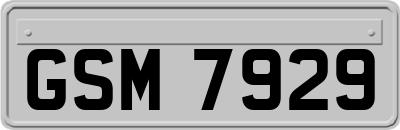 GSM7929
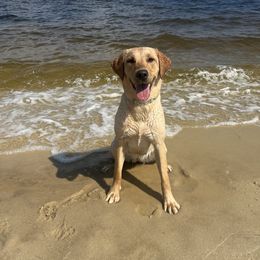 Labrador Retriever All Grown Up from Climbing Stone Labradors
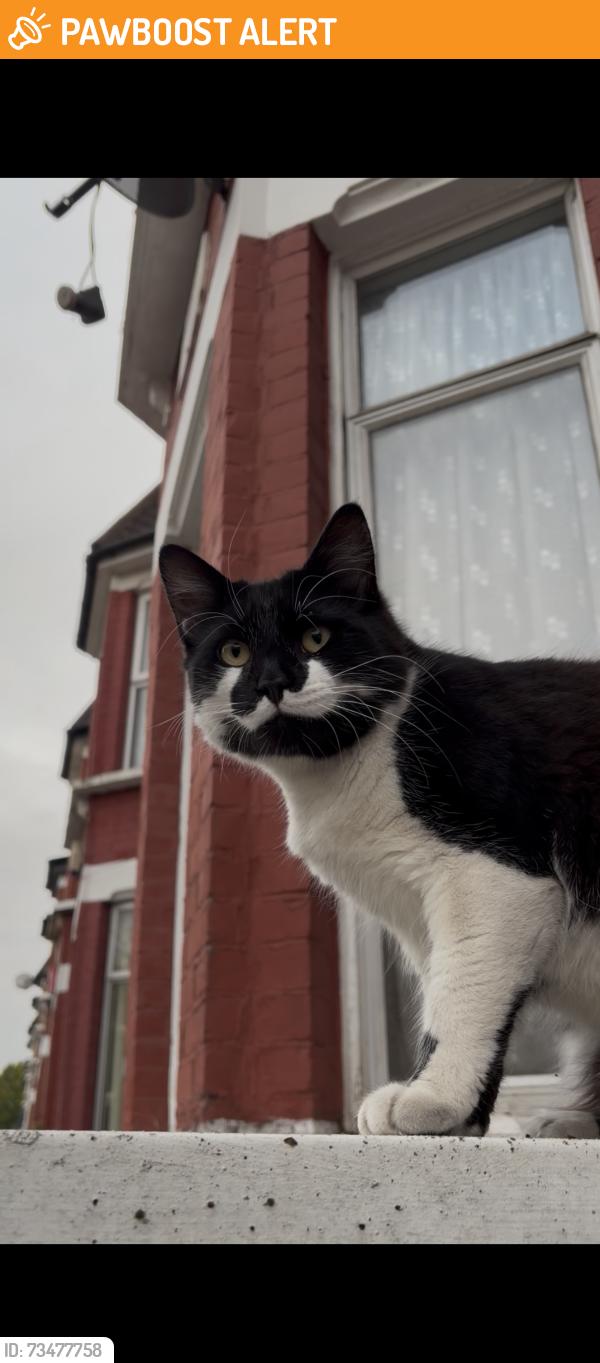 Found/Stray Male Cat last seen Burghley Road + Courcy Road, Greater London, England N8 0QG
==========
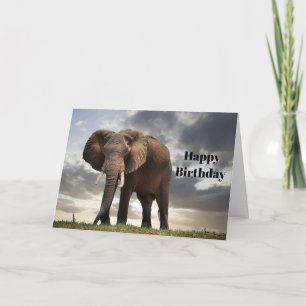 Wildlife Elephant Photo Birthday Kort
==========
**The task**
Please set down, exactly and with no pictures, the lines in the entries above starting at the one holding "Labrador Retriever All" and ending at the one holding "Found/Stray Male Cat", ends included.

**Solution to this exercise**
 Labrador Retriever All Grown Up from Climbing Stone Labradors
 Found/Stray Male Cat last seen Burghley Road + Courcy Road, Greater London, England N8 0QG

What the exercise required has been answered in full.